Ces prolégomènes posés, il convient ensuite d’établir une trame éditoriale cohérente de cette entreprise de gravure; cette reconstitution est indispensable avant de soumettre l’ouvrage à tout effort d’interprétation. La seconde partie de la thèse, intitulée «Les portraits des Tableaux historiques : conception, diffusion et représentation», est consacrée aux aspects bibliologiques et visuels de cette collection éditée par Jean-Daniel Auber. Le chapitre III («La genèse d’une suite gravée») détaille la mise en œuvre de l’entreprise, de sa première annonce en 1797 jusqu’à son achèvement en 1804 : établissement et composition de chacune des livraisons, analyse des remaniements apportés par l’éditeur dans les différentes éditions (1802 et 1804). Puisqu’elle s’inscrit dans un contexte politique et artistique effervescent, la collection est mise en rapport avec les entreprises rivales. Le chapitre IV («Les portraits des Tableaux historiques considérés du point de vue des arts») est consacré aux aspects formels du recueil : étude des portraits en médaillon de Charles-François-Gabriel Levachez et confrontation de ce travail avec les portraits peints et gravés contemporains; analyse des vignettes de Jean Duplessi-Bertaux et mise en relation de ce corpus avec son travail antérieur.

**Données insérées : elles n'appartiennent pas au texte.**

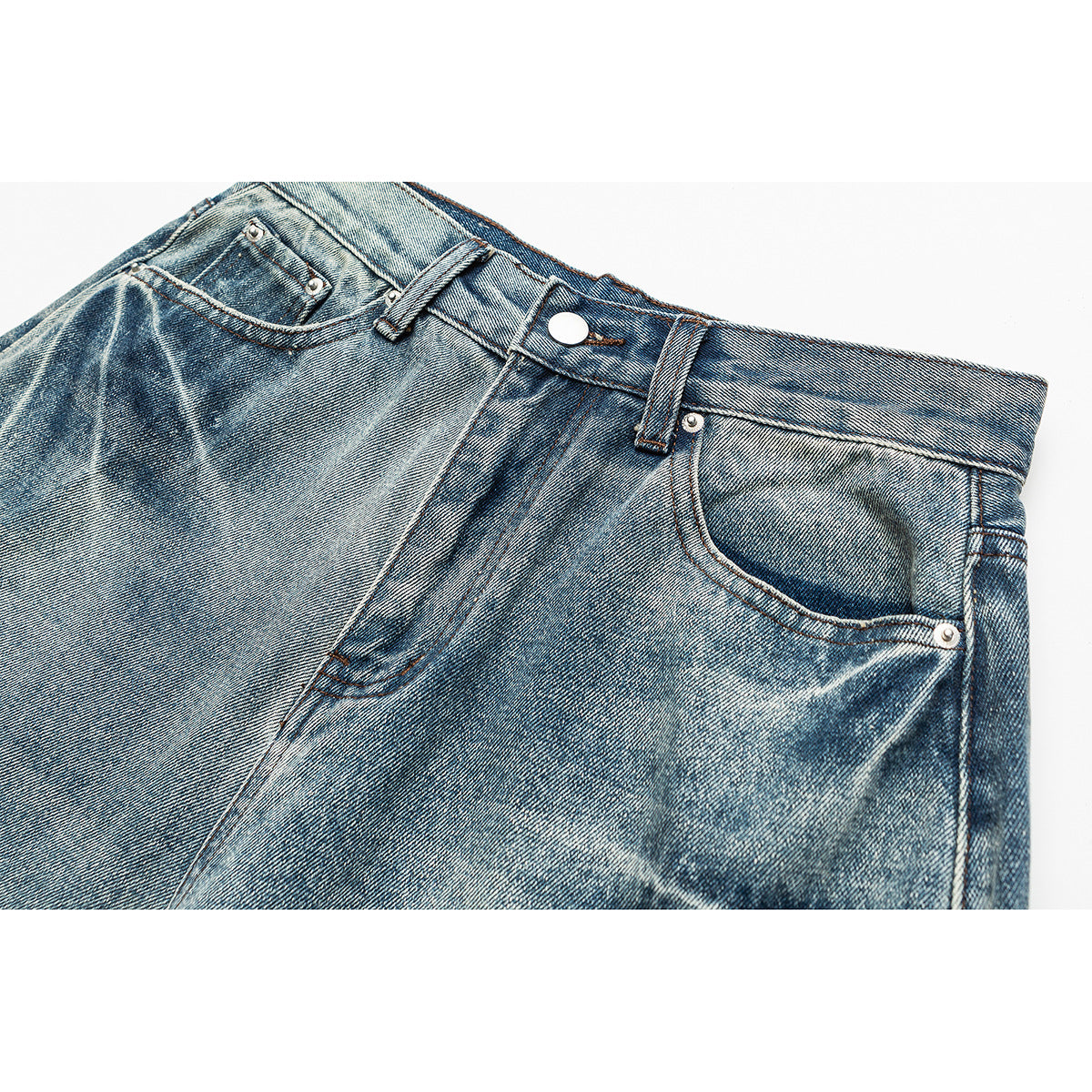Close-up of faded blue jeans showing the waistband, button, belt loops, coin pocket and front pocket.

La troisième et dernière partie, «Les ressorts politiques d’une entreprise de gravure», assure l’articulation du lien entre les arts et le politique aperçu dans cette collection de portraits. Le chapitre V inscrit ce recueil au carrefour des multiples considérations symboliques qui marquent la période directoriale : effort visant à introduire l’histoire contemporaine dans les arts, représentation des grandes figures révolutionnaires, charge et fonction symbolique du portrait gravé. Enfin, le chapitre VI («Les portraits des Tableaux historiques dans leur rapport au politique»), rend compte de l’envergure politique de cette entreprise de gravure. Ouvrage d’inspiration privée, il n’offre pas moins une interprétation orientée de l’histoire révolutionnaire, suggérée d’abord par les choix opérés par l’éditeur, confirmée ensuite par les notices descriptives de François-Xavier Pagès qui accompagnent les portraits. Après avoir évoqué les facteurs qui ont contribué à la détermination des sujets de cette collection, nous analysons les textes afin de voir en quoi ils se conforment ou non aux accents idéologiques contemporains de leur rédaction.
L’étude de cette collection de portraits offre l’occasion de nuancer plusieurs idées reçues concernant l’estampe en Révolution. Incomparable baromètre de l’opinion publique certes, la gravure ne fut cependant pas, pour des motifs qui relèvent de la théorie des arts et de la conjoncture politique, cet instrument de propagande officielle que l’on suppose habituellement. Révélateurs d’un engouement des contemporains pour l’actualité saisie à travers ses héros, les portraits des Tableaux historiques constituent la vitrine d’un imaginaire révolutionnaire qui se construit en marge ? et quelquefois aux dépens ? des canaux officiels.